The Supreme Court today temporarily lifted its earlier order suspending the permanent licences for sale of fire crackers in the national capital region, saying a complete ban would be an "extreme step" and a graded approach was needed to curb pollution caused by them.
The apex court, however, said its order lifting the ban on sale of fire crackers might require a "review" after Diwali depending on the ambient air quality after the festival.
It also set up a committee to study the impact of the firecrackers on the health of Delhi'ites during the upcoming festivals and directed the police to slash by half the number of temporary licences this year compared to last year and cap it at 500.
Though its primary concern was the human right to breathe good quality air, the court said after considering the material on record, it cannot be said with certainty that the extreme poor air quality in Delhi in November-December last year was caused only by the bursting of crackers during the festivals.
"Consequently, a complete ban on the sale of fireworks would be an extreme step that might not be fully warranted by the facts available to us. There is, therefore, some justification for modifying the interim order passed on 11th November, 2016 and lifting the suspension of the permanent licences. ....
"The suspension of permanent licences as directed by the order dated November 11, 2016 is lifted for the time being. This might require a review after Diwali depending on the ambient air quality post-Diwali," a bench of Justices Madan B Lokur and Deepak Gupta said.
"However, it is made explicit that the sale of fireworks by the permanent licensees must conform to the directions given above and must be fully in compliance with the Explosives Rules," the bench said while passing as many as 16 detailed directions in the matter.
The apex court had on November 11 last year suspended all licences which "permit sale of fire works, wholesale and retail" within the National Capital Region (NCR) territory.
Passing a slew of directions, the bench also constituted a committee, to be chaired by the chairperson of the Central Pollution Control Board (CPCB), to conduct a research on the impact of the fire crackers during the festive season of Dussehra and Diwali on the health of people and submit a report by December 31.
Stressing on the adverse effects of air pollution and the "human right to breathe clean air and right to health", the top court asked the Centre and the concerned authorities to consider encouraging the display fireworks through community participation rather than individual bursting of fireworks.
The court said since there was lack of clarity on safety limits of various metals and ingredients used in fireworks, a research study must be jointly carried out by the CPCB and Fireworks Development Research Centre (FDRC) for laying down appropriate standards for ambient air quality in relation to bursting of crackers and release of their constituents in air.

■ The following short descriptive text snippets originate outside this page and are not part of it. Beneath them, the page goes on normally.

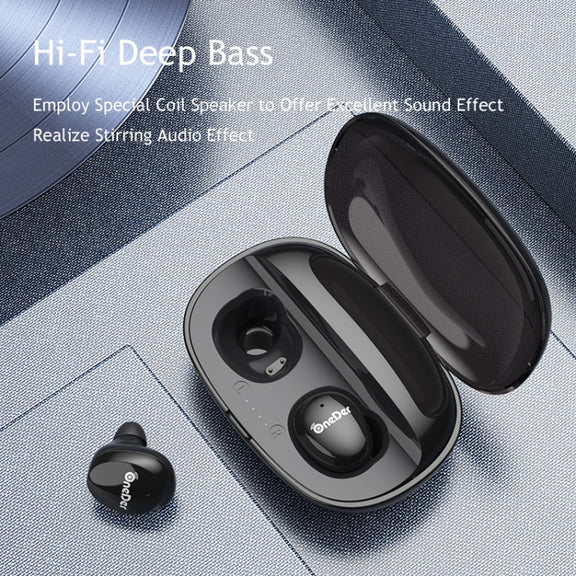 OneDer W12 Wireless Earphone with Water-resistant IPX5 HD Stereo Sound TWS Bluetooth Earphone(White)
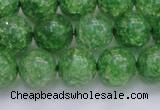 CKQ340 15.5 inches 14mm round dyed crackle quartz beads wholesale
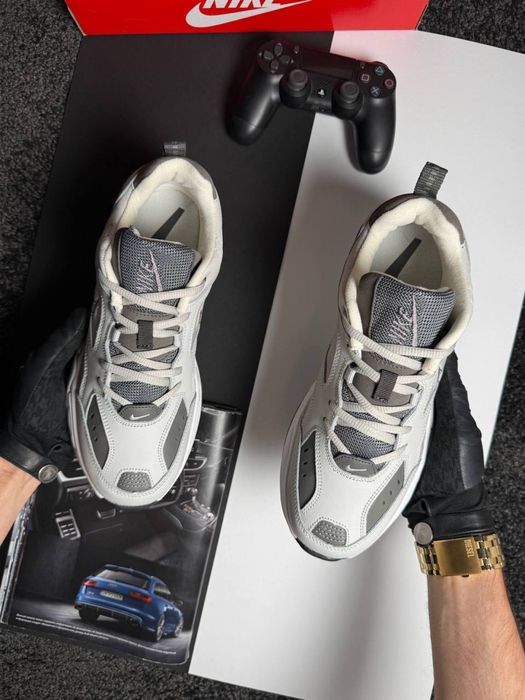 Чоловічі кросівки найк текно Nike M2K Tekno M Pale Grey White [41-46]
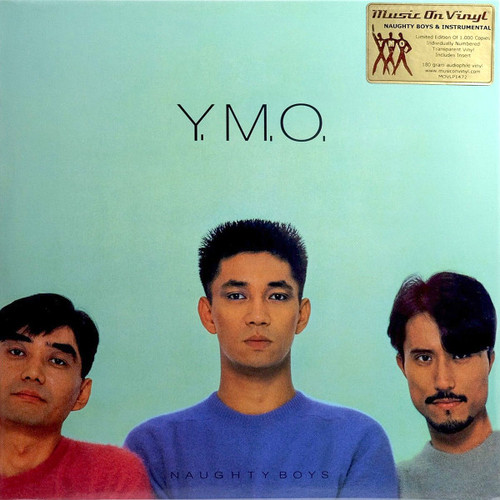 Y.M.O. – Naughty Boys & Instrumental (2LPs used Europe 2016 limited numbered edition on clear 180 gm vinyl NM/NM)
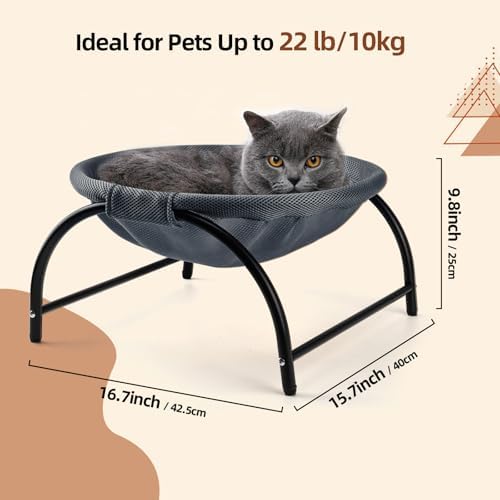 LIFLIX Raised Cat Hammock Bed, Standing Cat Cot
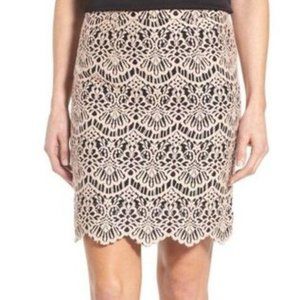 Halogen Scallop Edge Lace Skirt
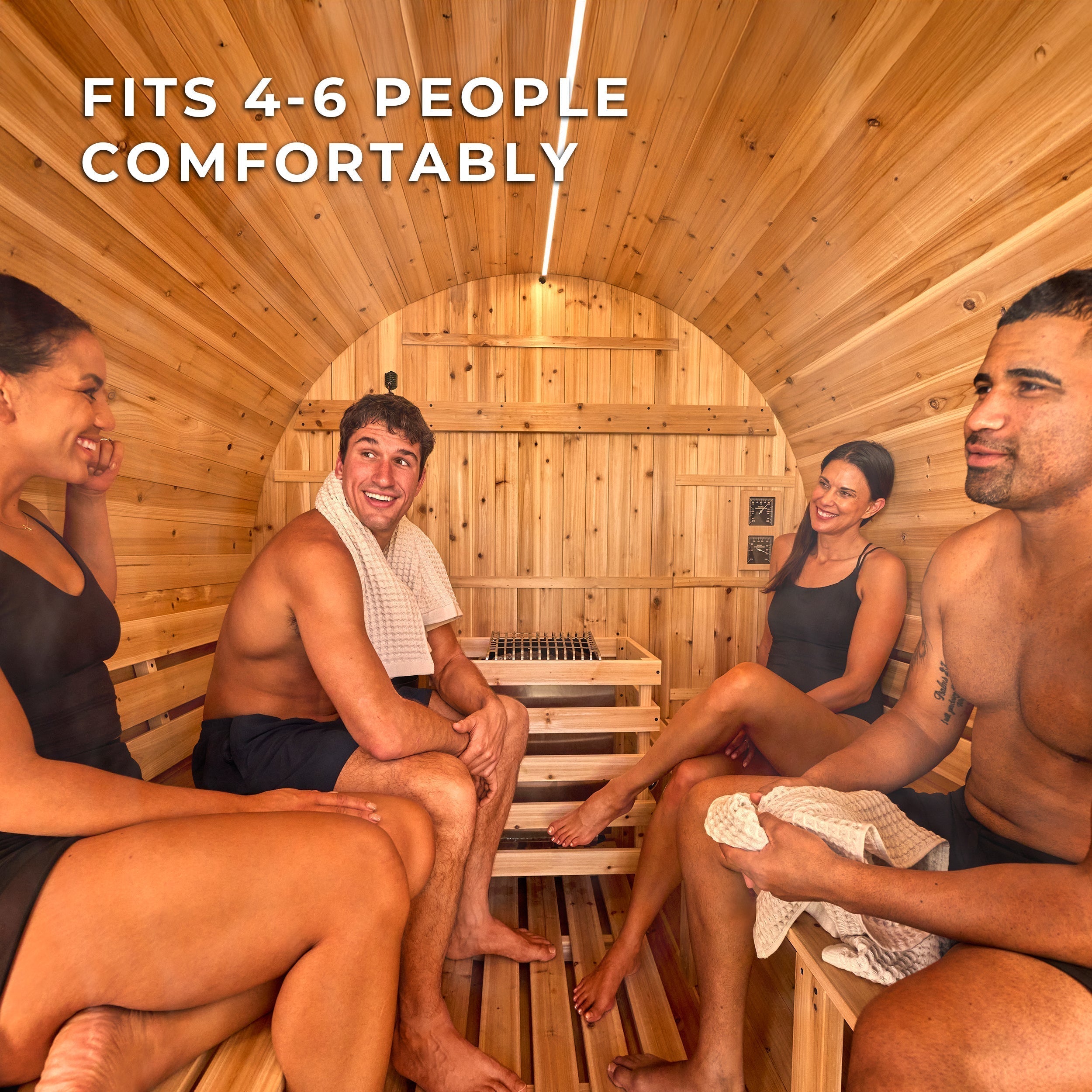 Backyard Discovery Paxton Outdoor Barrel Sauna for 4-6
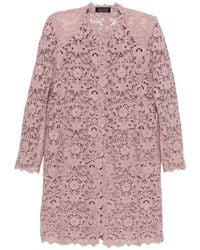 Gianluca Capannolo - Manteau Charlotte À Fleurs En Dentelle - Lyst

It granted time to the CPCB to come out with definite standards on or before September 30 regarding the use of metals or other ingredients of fireworks as no standards have been laid down with regard to concentration of these metals in the ambient air.
The court directed the Delhi Police to reduce the grant of temporary licences by about 50 per cent of the number of licences granted last year.
"The number of temporary licences should be capped at 500. Similarly, the states in the NCR are restrained from granting more than 50 per cent of the number of temporary licences granted in 2016. The area of distribution of the temporary licences is entirely for the authorities to decide," the bench said.
It also asked the Centre to ensure strict compliance with its January 1992 notification regarding the ban on import of fireworks and granted it liberty to update and revise it in view of the passage of time and issue a fresh notification, if necessary.
The top court also prohibited transport of fireworks into Delhi and the NCR from outside the region till further orders.
"In our opinion, even 50,00,000 kg of fireworks is far more than enough for Dussehra and Diwali in 2017. The permanent licensees are at liberty to exhaust their existing stock of fireworks in Delhi and the NCR and, if that is not possible, take measures to transport the stocks outside Delhi and the NCR," it said.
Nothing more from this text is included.